# Microphone Gain?



## nmenard (Jan 22, 2005)

Hmm... I'm hoping that this goes in here, I mean, after all, my mic is plugged into my soundcard. So, in any case, here's my dilemma:

I just recently got Teamspeak for Guild Wars. Myself and one of my guild members thought it would be a good idea to go on ahead and grab TS because it would eliminate the problem of typing during battles. I agreed. Soon thereafter, downloads were started and completed. 

After getting TS, Harry and I tried to jump on the thing. We did so well enough, however, this is where it gets sticky. I tried speaking into my mic. Nothing came about. I looked back on my tower and saw that the thing was plugged in. Alright. I tried it again. Nothing. So, I went into my buddy's room, borrowed two different Mic's from him. One was a headset mic, the other, just a s****y little labtec mic anyone can get for about 9.95 at your local walmart. I tried the Labtec, nothing came about, and then I leaned up near the thing, until the mic was damn near in my mouth (eating the mic much?). I started yelling into it (off of TS of course, so that in case it did start working, I didn't deafen poor Harry on the other side). Finally, I made some progress, because down in the Microphone Hardware testing in the Control Panel, I saw movement on the bars and everything. However, this is still eating the mic. If I go any further back, then nothing happens. 

In TS, I went into the audio options and set the mic to pick up on normal speech, which it did, the mic activated. However, Harry on the other side could hear nothing BUT a whisper, no matter how loud I talked. So, I in turn, turned up the Output but, all that really served to do was make Harry's voice come through MY speakers louder... Heh. 
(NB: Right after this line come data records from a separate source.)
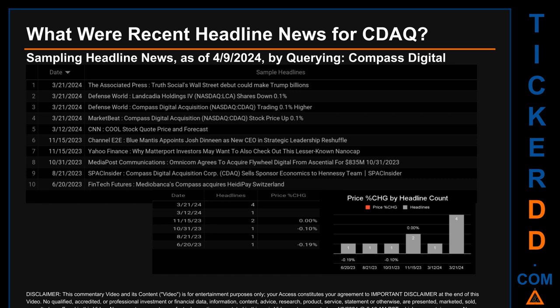Ten months and 20 days ago, Fintech Futures published the headline: 'Media Bank's Compass acquires Heidi Pay Switzerland.' The latest publication date was the day with the most found headlines; I have not yet received pricing data for that day, so cannot calculate the day's percentage change in price. The oldest publication date of Tuesday June 20th, 2023 was the day with the highest percentage change in price — it saw a price drop of minus 0.19%. The latest publication date of Thursday March 21st, 2024 had a price change of 0.00%.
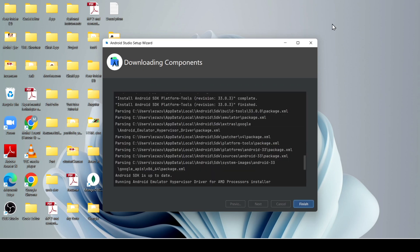I wanted to give you some advice when installing Android Studio: make sure you have an unlimited internet connection with a maximum speed of 5 to 10 Mbps so that it installs easily. It may ask you some permissions — just allow. Now all download components are completed. Click on finish.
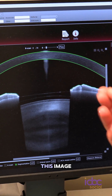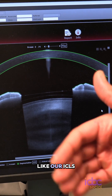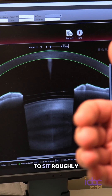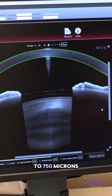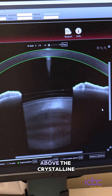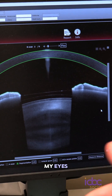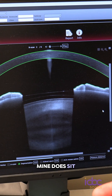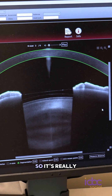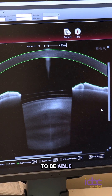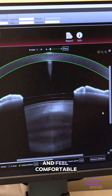Looking at this image, we do have a standard reference — we like our ICLs to sit roughly between 250 microns to 750 microns above the crystalline lens. Looking at the image for my eyes, mine does sit within that safe range. So it's really nice to be able to take these high resolution images, get that measurement, and feel comfortable and confident in the placement of that ICL for each patient.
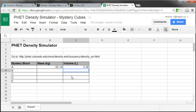And we'll do some more with this later, but those are your first steps: to get the mass and the volume of each of those mystery blocks.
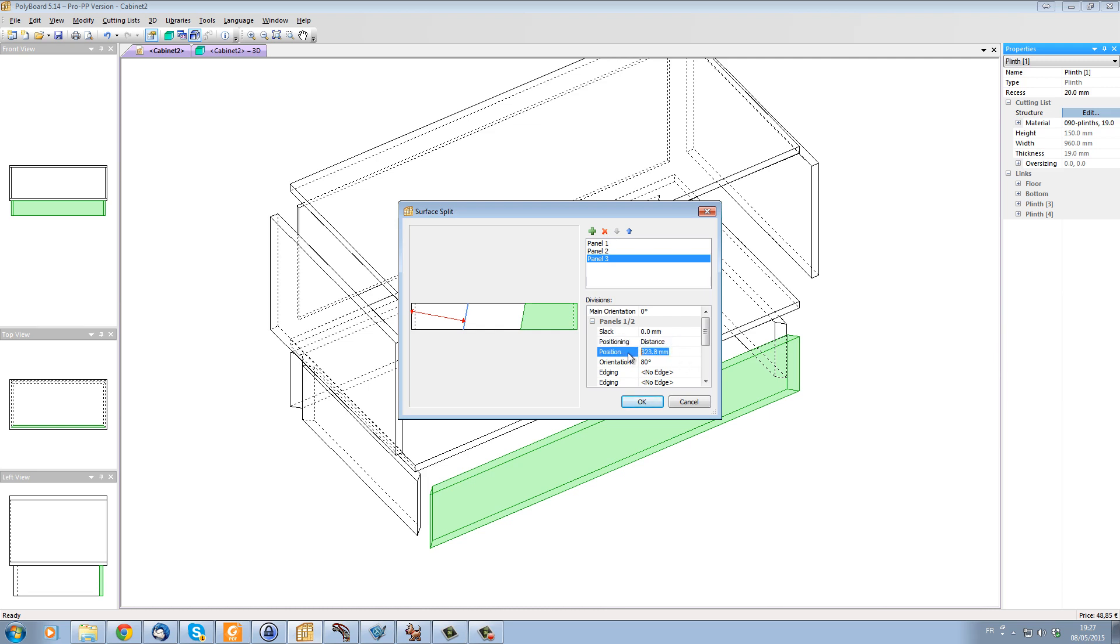And let's give it a position of say 60 mil. So here we have 60 mil from, you can see the arrow here, from the edge of our panel up to the split.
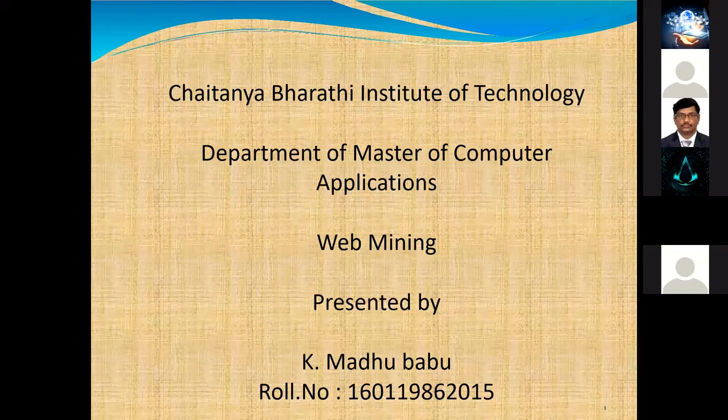First of all, I thank Gianna Processor and Saraj Safer for giving me this opportunity. My topic is about web mining.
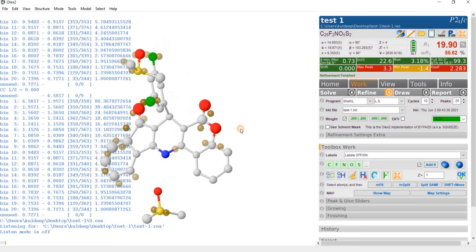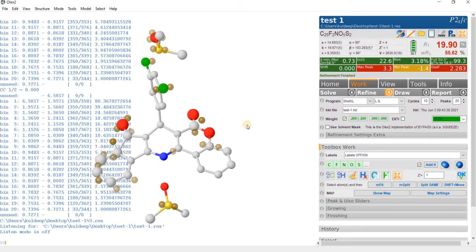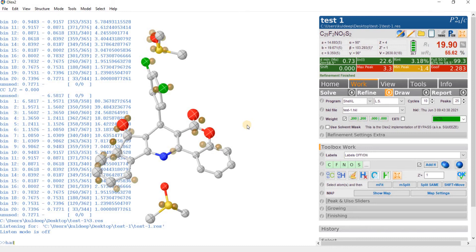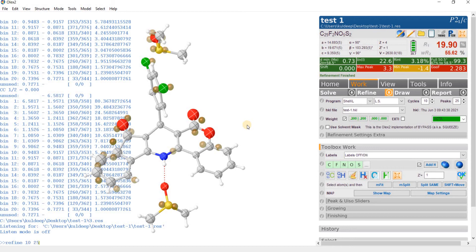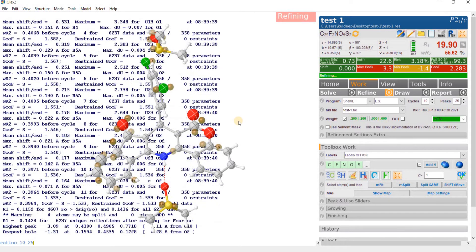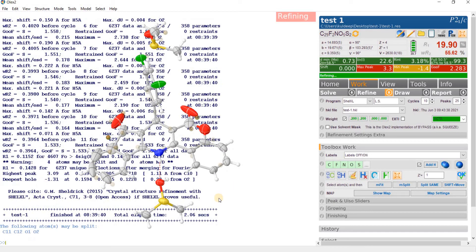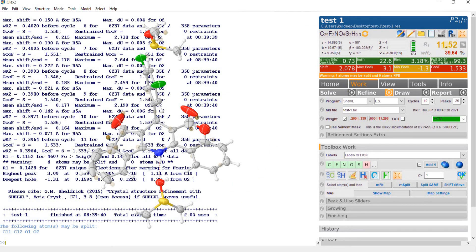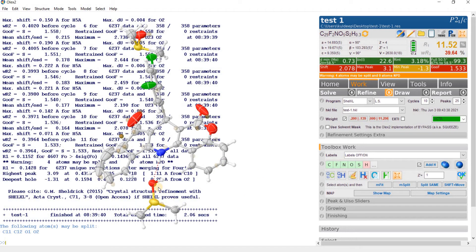For the time, if we ignore this Q peak intensity and refine the model anisotropically by typing ANIS and then HFIX and then L.S. and refine suppose 10 cycle and 25 Q peaks, then what we get? The R factor dropped around 11%.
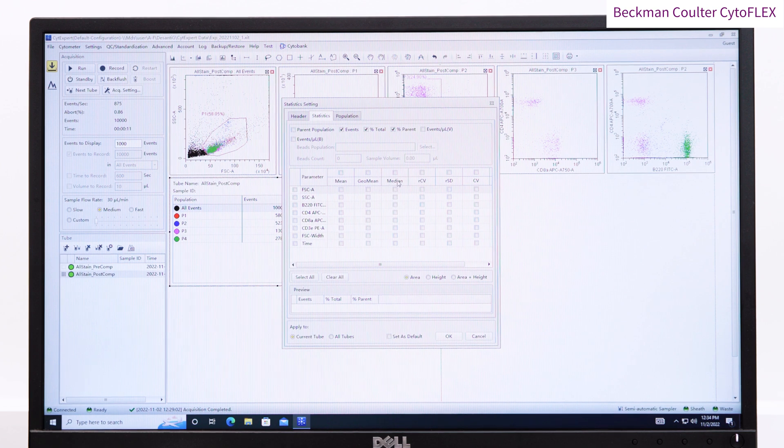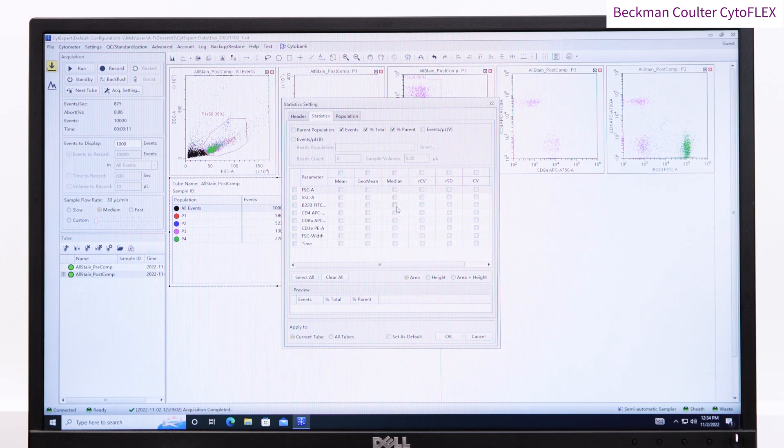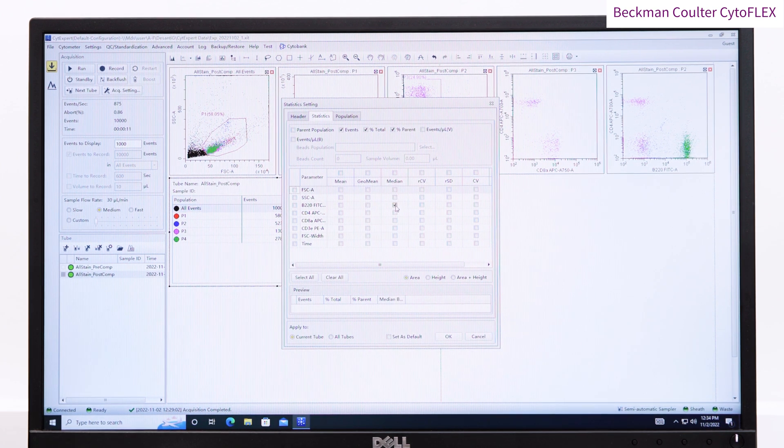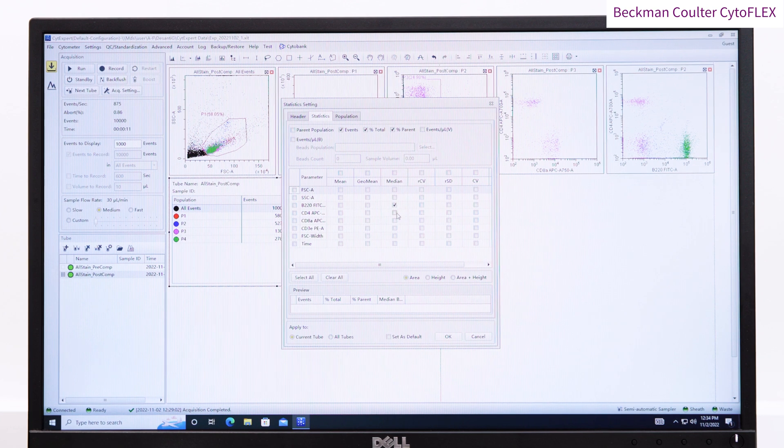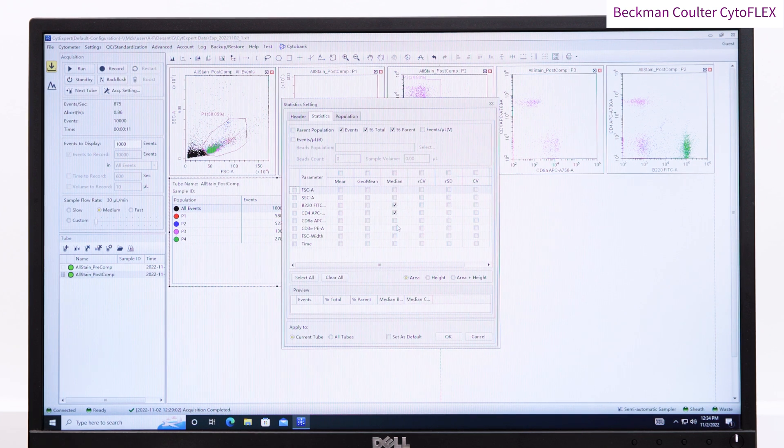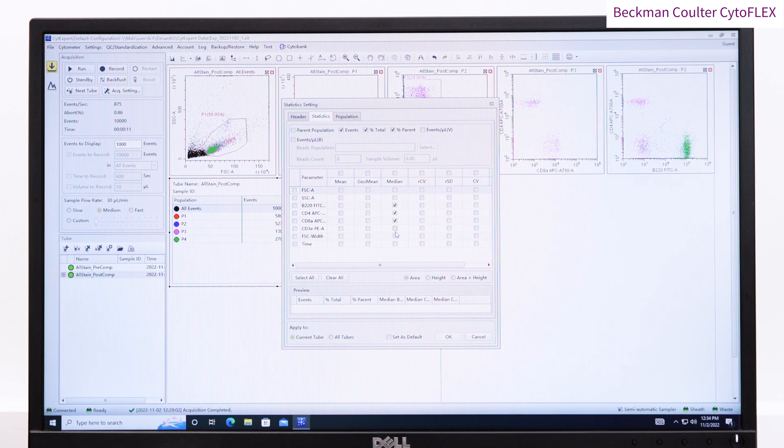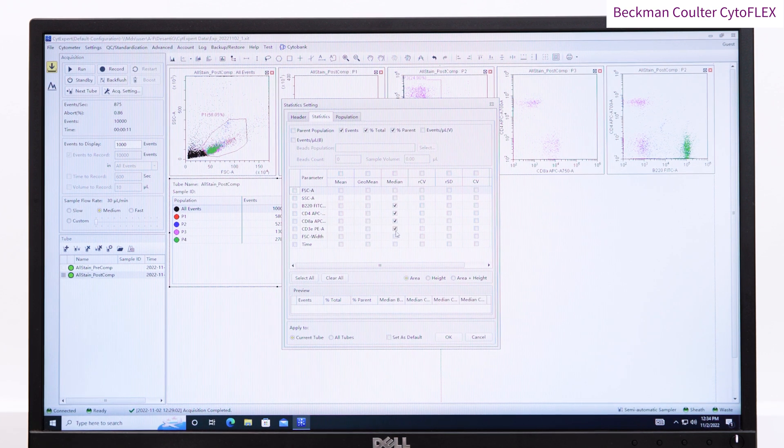Statistics can be directly exported by right-clicking on the table and pressing export to CSV. All results can be saved directly to PDF through the print menu.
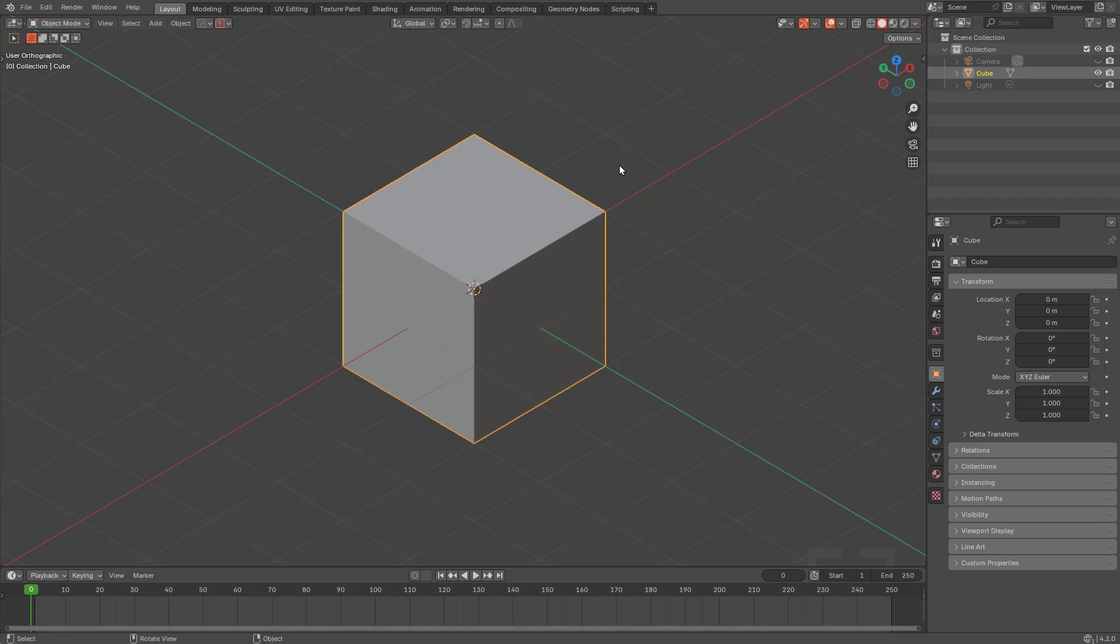Hello everyone, it's your host MX2, and in this video we'll be going over some of the fundamentals of Hard Ops and Box Cutter and just make a simple little bolt.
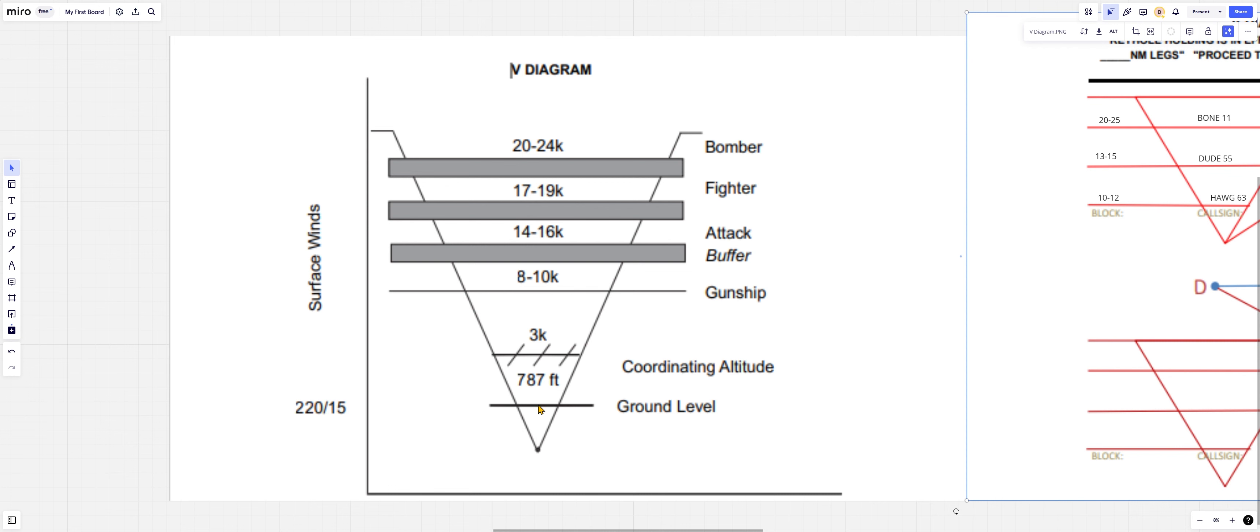From ground level, you've also got something like the coordinating altitude. A lot of your AH-64 guys out there in DCS world, in an area of operation, you could have something, for example, coordinating altitude was 3,000 feet.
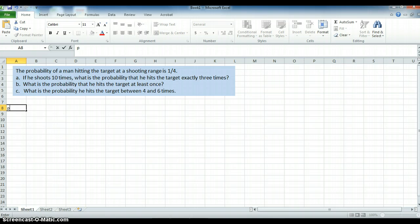The probability of a man hitting the target at a shooting range is 1 quarter — 25%, 0.25. We want to know: if he shoots 10 times, what is the probability that he hits the target exactly 3 times? If he shoots 10 times, what is the probability that he hits the target at least once? And if he shoots 10 times, what is the probability that he hits the target between 4 and 6 times?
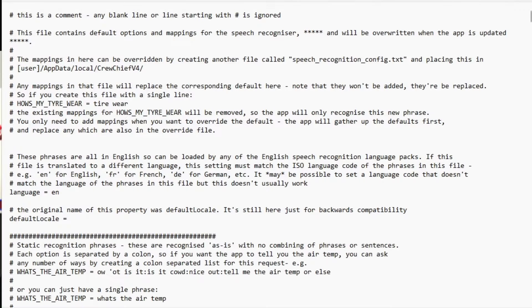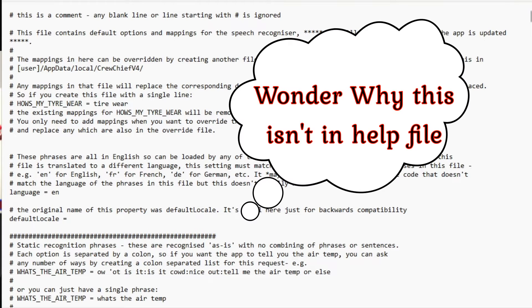Now we're going to click and open the speech_recognition_config.txt file. You're immediately presented with a whole bunch of comments — Crew Chief explaining what this file does. I'm not going to go through it all; you can read it yourself, but I will highlight a few key points.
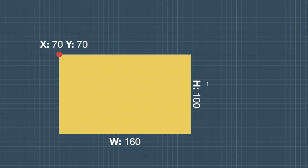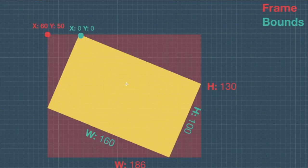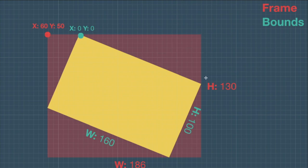Let's take a different diagram to understand the difference more clearly. Here we have the new UIView in yellow, and the bounding box around it is the frame. The frame coordinates are x=60, y=50. The bounds of this UIView would be x=0 and y=0. The height of the frame is 130 and the width is 186, whereas in the bounds case the height is 100 and the width is 160. You can clearly see that the frame is relative to the parent view whereas bounds is relative to itself.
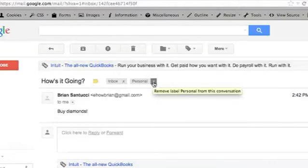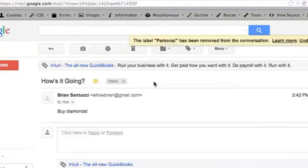Hi, my name is Brian and this is how to delete labels in Gmail. In Gmail you can organize your emails via labels. Sometimes you want to remove a label from a specific email, and sometimes you want to delete a label entirely so it can't be used anymore.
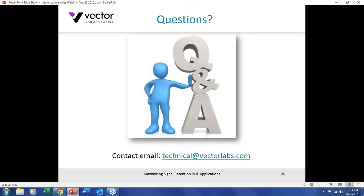Thank you, Craig. Our time is up for the Q&A session. Thank you for joining our webinar. Please join our next webinar in three weeks on September 15th. We will send you the entire recording of this webinar by email. If your questions were not answered during this session, we will personally answer them later. You can also submit new questions to technical@vectorlabs.com. Thank you for coming, and have a great day.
After the whole Labtec phase, I tried to use the headset mic, but... *shrugs* I guess that was worse than the other mic I had borrowed from my roomie. So, is there some way that I can turn up my microphone's gain? Or... is there only like, the possibilities that: a) my Mic's suck, b) my Sound Card is fried (which really doesn't seem likely because my computer still manages to blare out some rocking music...), or c) I just need to buy a USB Headset mic that would take care of everything else so, I wouldn't have to worry about going directly through my soundcard?


----------